Durante la conferencia de prensa de ambos mandatarios, Bush se mostró dubitativo en lo que a aplicar cambios se refiere y ante la pregunta de si comenzaría a aplicar las recomendaciones del informe Baker, el presidente dijo que actualmente hay otros estudios al respecto por parte del Consejo de Seguridad Nacional de la Casa Blanca, el Departamento de Estado y el Pentágono, por lo que tomará decisiones políticas sustanciales «después de recibir dichos informes».

Por supuesto, el jefe de Estado puso de manifiesto que el documento presentado por Baker y Hamilton fue «una parte importante» de las discusiones y deliberaciones que se llevaron a cabo entre los dos defensores a ultranza de la invasión de Irak en marzo de 2003. De todos modos, Bush quiso dejar claro que no creía que «James Baker y Lee Hamilton esperen que llevemos a cabo todas sus recomendaciones».

Una de las medidas más importantes por las que apuesta la Comisión bipartidista es el diálogo directo con Damasco y Teherán hasta que ambos países garanticen que están dispuestos a renunciar a los programas nucleares y a no financiar el terrorismo.

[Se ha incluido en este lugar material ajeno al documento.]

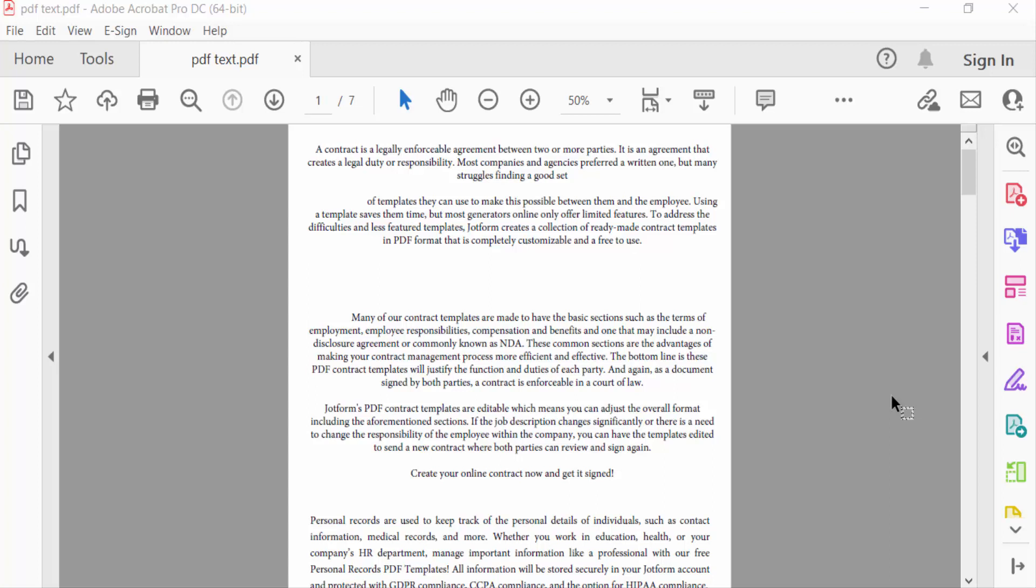Hello everyone, assalamualaikum. In this PDF tutorial today I'll present you how to align text in PDF document using Adobe Acrobat Pro DC. So let's get started. This is my PDF document and I want to align this text.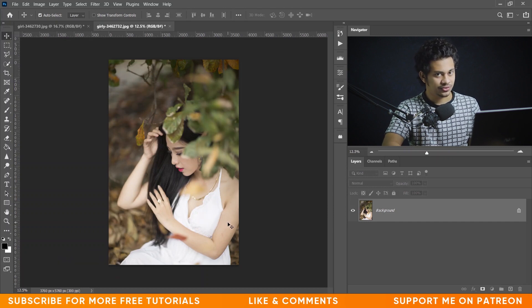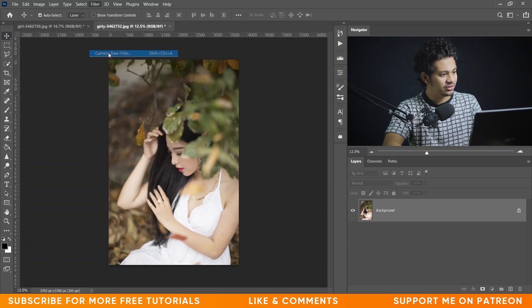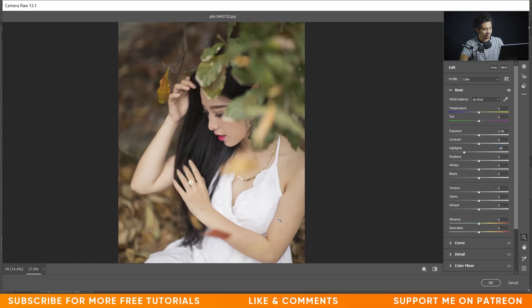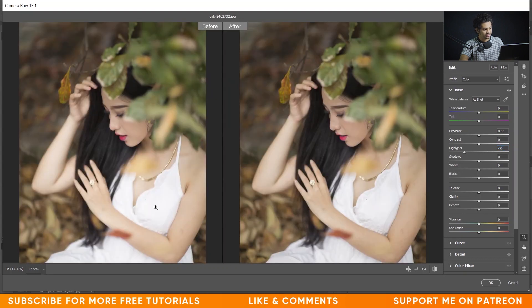To fix this, go to Camera Raw. Decrease the value of the highlights to bring back the texture of the dress. I'm giving it minus 50. Look at this — it was too much exposed before, and now I think it's perfect.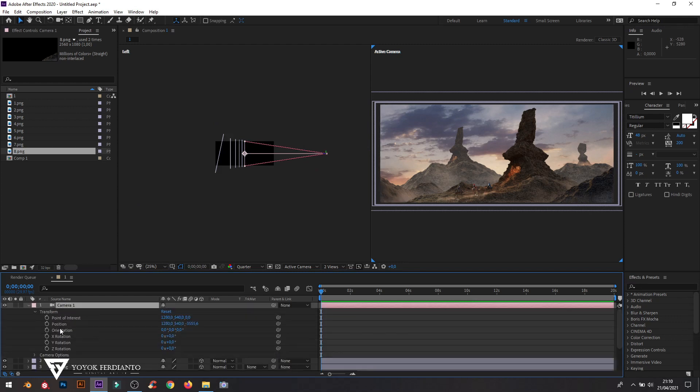Go to the camera layer, create a keyframe in the timeline at position 1, then go to timeline position 8, and move the camera as you wish.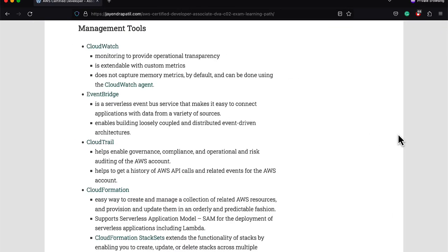Know the management and governance tools in general: CloudWatch for monitoring and observability, EventBridge or CloudWatch Events for notifications and actions, CloudTrail helps in governance, compliance, and operational risk auditing, CloudFormation provides infrastructure as a service and aids in infrastructure automation.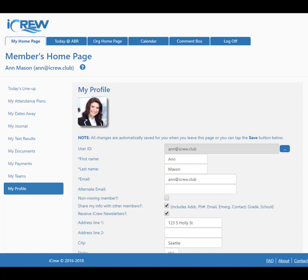This video shows how rowers can specify regatta event preferences so that when coaches are doing lineups for regattas, they know which events the rower would like to participate in.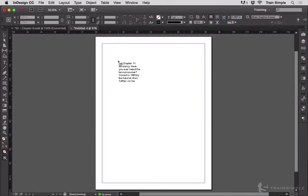What I have here is a loaded cursor. It's currently loaded with a Word document that's around 50 pages.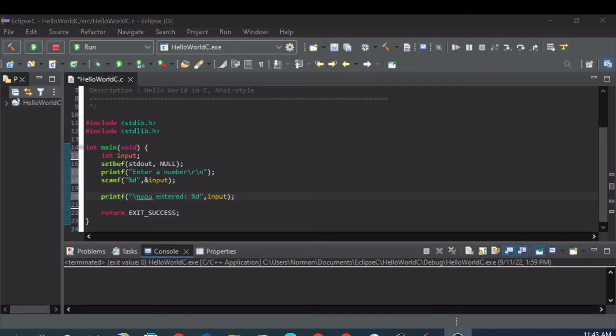All right, in this video, I'm going to expand on my scanf example for inputting a number. I'm going to show you how to input two numbers on one line.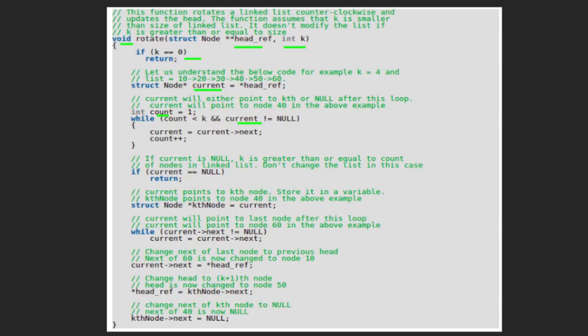So in the example 10, 20, 30, 40, 50, 60, after this traversal current will point to 40, since 40 is the 4th (kth) node of the linked list. Now there is another condition which needs to be checked before rotating. If k is greater than or equal to the number of nodes, meaning current becomes null, we simply return since we assumed k is less than the number of nodes. But in the current example, since current is not null, it will not enter this condition. We store the current pointer in another variable kth_node, so kth_node will now point to node 40.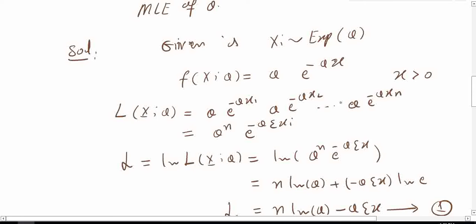The likelihood function is the product of the marginal distribution of each observation: theta e to the power minus theta x1, times theta e to the power minus theta x2, and so on up to theta e to the power minus theta xn. This means we multiply theta n number of times, so this becomes theta to the power n, times e to the power of minus theta times summation of xi.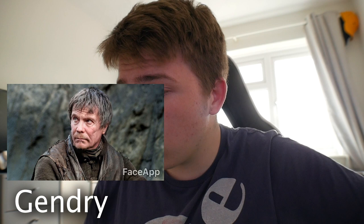We got good old Gendry. Let's see what he looks like when he's old. Oh my God. He actually reminds me of Indiana Jones, man. That is weird. Oh my God, that jawline.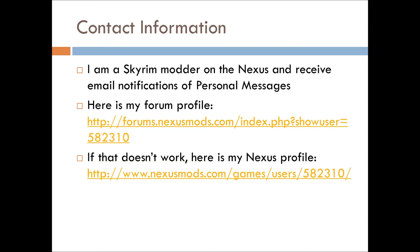Anyway, I'm a modder and I'm still modding for Skyrim primarily. I have a forum profile and you can check out my Nexus profile if you can't get a hold of me that way. And you can always leave a comment on the YouTube video itself. Thanks and hope to see you next time in the next episode.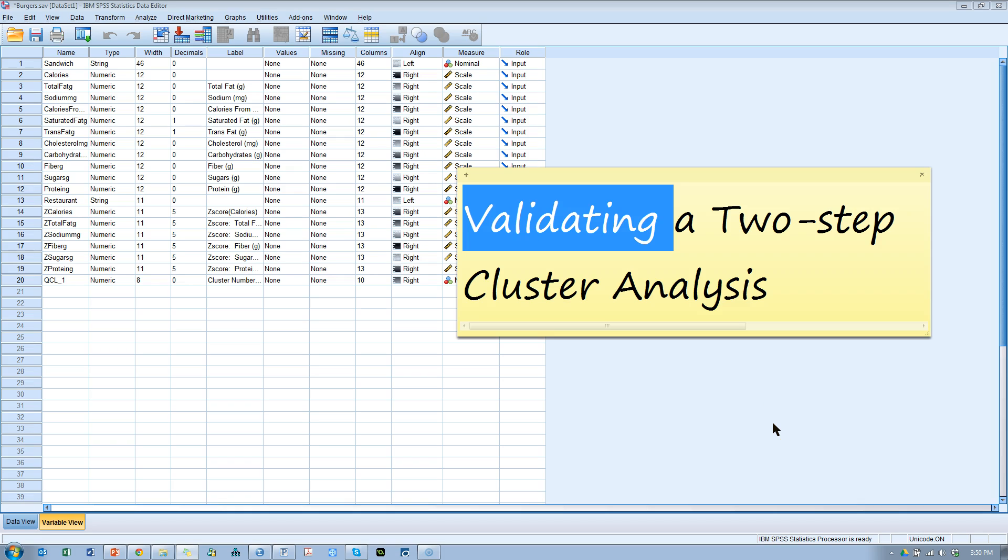In this video, I'm going to talk a little bit about validating a two-step cluster analysis. I also have a little bit more information on the settings in a two-step cluster analysis.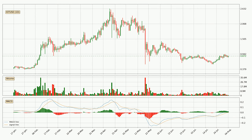Jumping to the daily MACD, the MACD line is above the signal line, meaning that the trend is currently on the up. However, the MACD histogram shows that the momentum is currently shifting to the downside, and it could be expected that the price will consolidate. It is better to wait and see if the MACD line will cross the signal line, which will be bearish.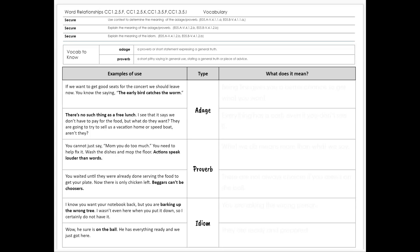Idioms in the English language are phrases that we use that don't mean literally what they say. Our example down here: I know you want your notebook back, but you are barking up the wrong tree. I wasn't even here when you put it down, so I certainly do not have it.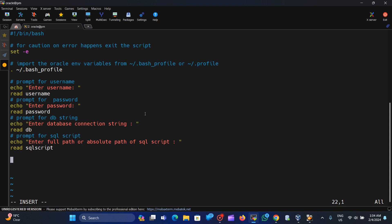These are the required variables which we will use inside the SQL*Plus command. We simply use the SQL*Plus utility with the -s flag, which means silent mode — so we run SQL*Plus in silent mode.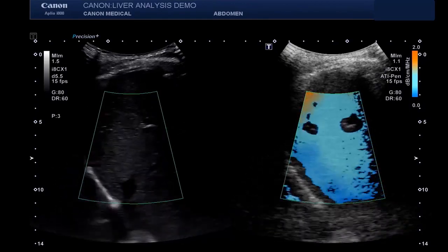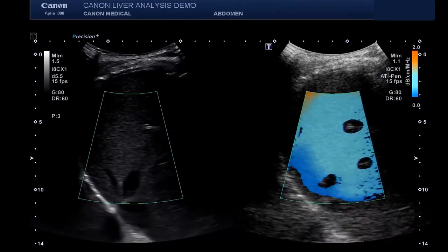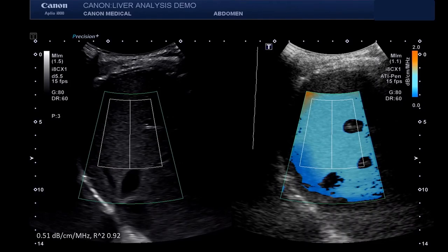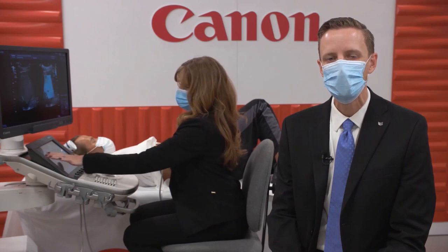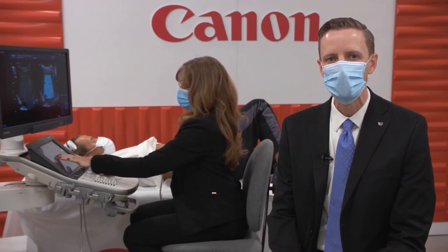When you're ready to quantify the attenuation imaging results, simply press the freeze button and your measurement ROI box will automatically appear. Place the measurement sample avoiding large vessels, artifacts in the subcapsular region, and areas of weak signal. Attenuation imaging can be performed quickly and easily, often only needing one to two minutes to complete your assessment for liver steatosis. And the great news is that we can now offer attenuation imaging on both the Aplio i-Series and Aplio A-Series systems.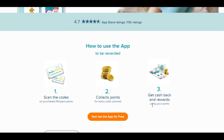Step three: get cash back and rewards using your points. So first, create a profile and download the app — you get 100 points for downloading. Then enter your codes, collect points, and get cash back and rewards. You can text yourself the app for free right from the website.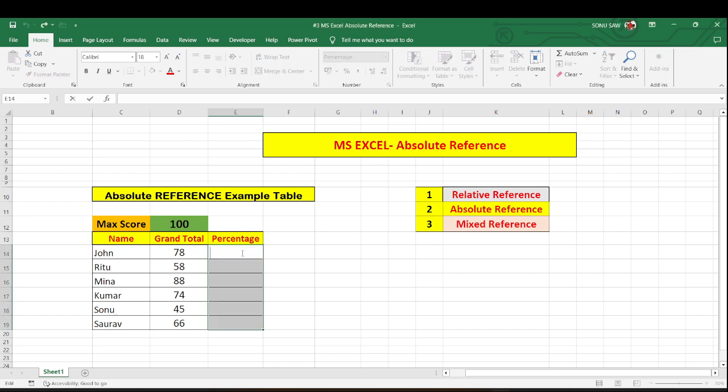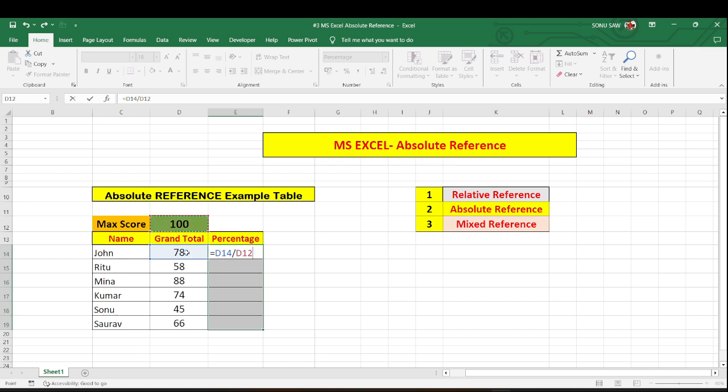First I am going to this particular cell for John and I am just pressing equal to his marks divided by maximum marks. Now you will see D14 which is the marks obtained by John which is 78, it will be variable for all the other candidates but the cell which is D12 it will be common for all of the candidates which is 100.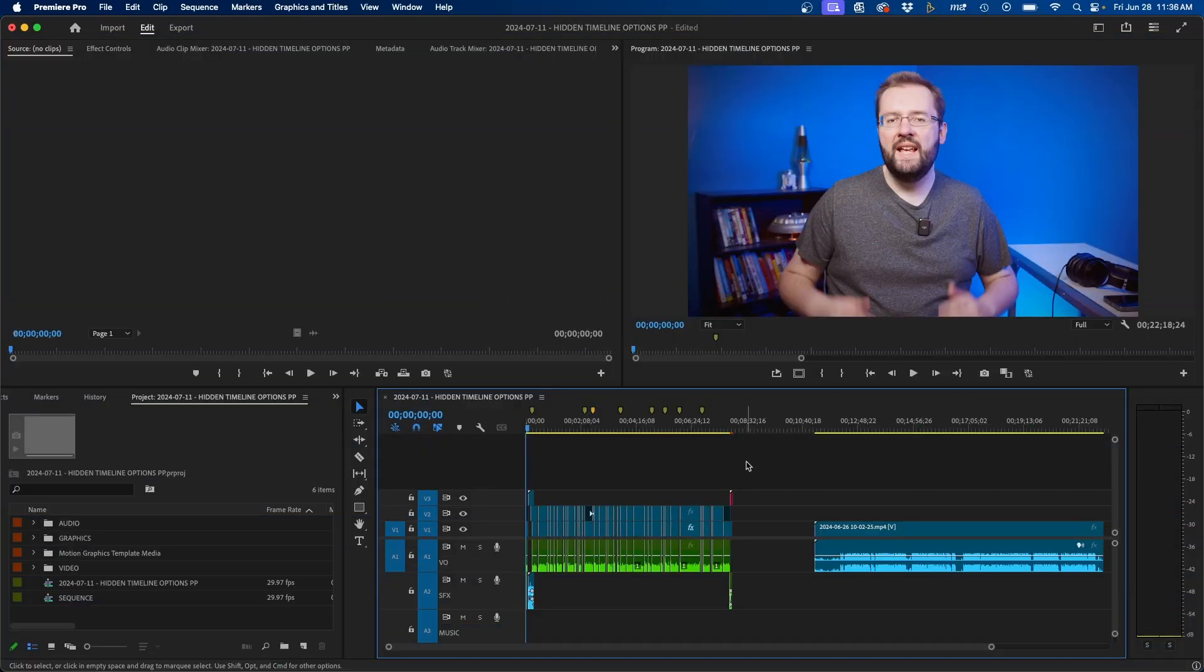So I'm inside Premiere Pro and to get started, I have my finished sequence here and I want to export it out.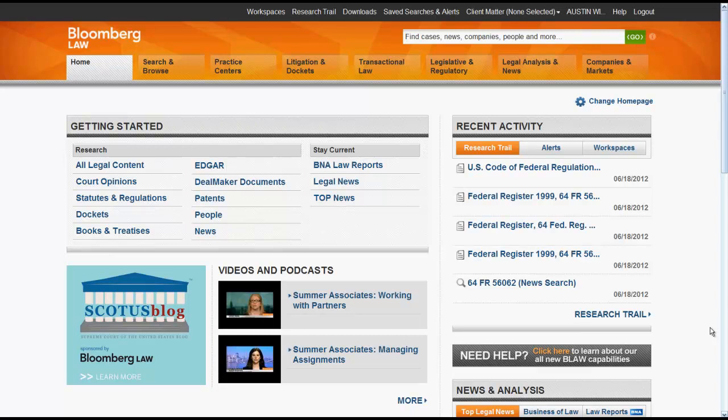The purpose of this video is to give you an overview of how to find cases using BNA headnotes in Bloomberg Law.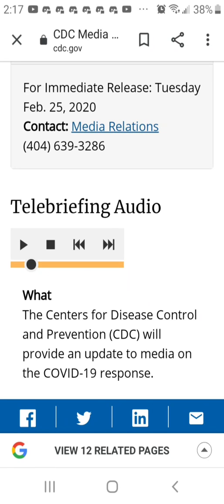There are three categories of NPIs. Personal NPIs, which include personal protective measures you can take every day and personal protective measures reserved for pandemics. Community NPIs, which include social distancing measures designed to keep people who are sick away from others and school closures and dismissals. And environmental NPIs, which include surface cleaning measures.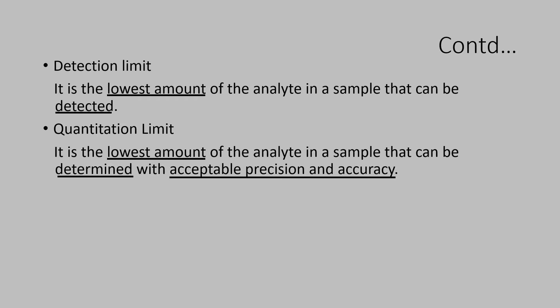Detection limit is the lowest amount of analyte detected. Look at the word detected. That means the analyte appears as a small peak at this concentration. You have to carefully define what is that small peak above the noise of the baseline be taken into consideration as a peak of analyte.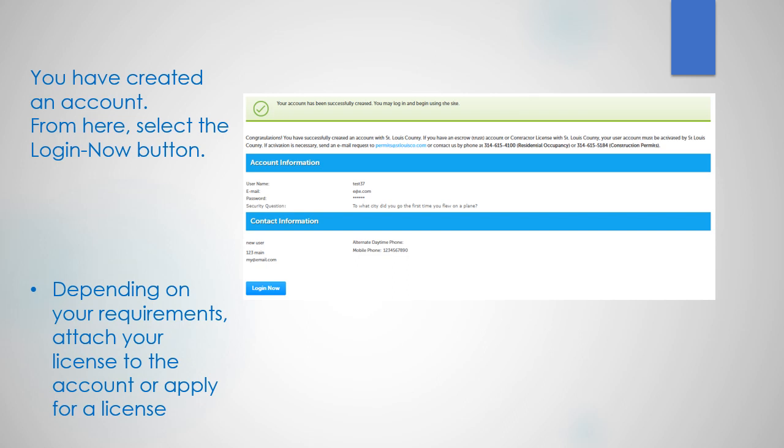You have created an account. From here, select the login now button. Depending on your requirements, attach your license to the account or apply for a license.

Sobre este asunto el presidente estadounidense no dudó en afirmar que «Si Siria e Irán no están comprometidos con el éxito en Irak, no deben molestarse ni en presentarse» a un eventual proceso de negociaciones, ya que «los países que participen en esas conversaciones no deben financiar el terrorismo y deben ayudar a una joven democracia a sobrevivir».

Blair incidió en que el documento del Grupo de Estudio, es probablemente «el único informe bipartidista que va a llegar a sus manos y, por tanto, es extremadamente importante para resolver la situación de forma bipartidista».

Baker y Hamilton

Tanto Baker como Hamilton, que ayer defendieron ante el Senado las 79 advertencias, entre las que se apostaba por la retirada de tropas en 2008 para prevenir un «caos total en la zona», han querido presentar este documento como una forma global de actuar en Irak. Baker se mostró preocupado por el cúmulo de inconvenientes y espera que «no se trate el asunto como si se tratara de una ensalada de fruta». Su colega Hamilton fue más allá y determinó que «es terriblemente importante reconocer que no se puede resolver el problema iraquí por partes».

El sucesor de Rumsfeld

Desde luego una cosa está clara: independientemente de las decisiones del presidente Bush, un soplo de aire fresco llega a la Administración Bush en lo que Irak se refiere tras el nombramiento a última hora del miércoles de Robert Gates como nuevo secretario de Defensa de EE.UU. en sustitución de Donald Rumsfeld. Gates declaró durante su comparecencia el pasado martes ante la Cámara Alta que «EE.UU. no está ganando» en Irak y que estaba dispuesto a considerar «nuevas ideas» para reconducir la situación. El próximo responsable de Defensa tomará posesión oficial de su cargo el próximo 18 de diciembre y fue elegido por el Senado por una aplastante mayoría de 95 votos a favor y dos en contra. Entre las tareas más inmediatas de su nueva agenda, Gates tiene planeado viajar a Irak para reunirse sobre el terreno con los responsables estadounidenses en la región.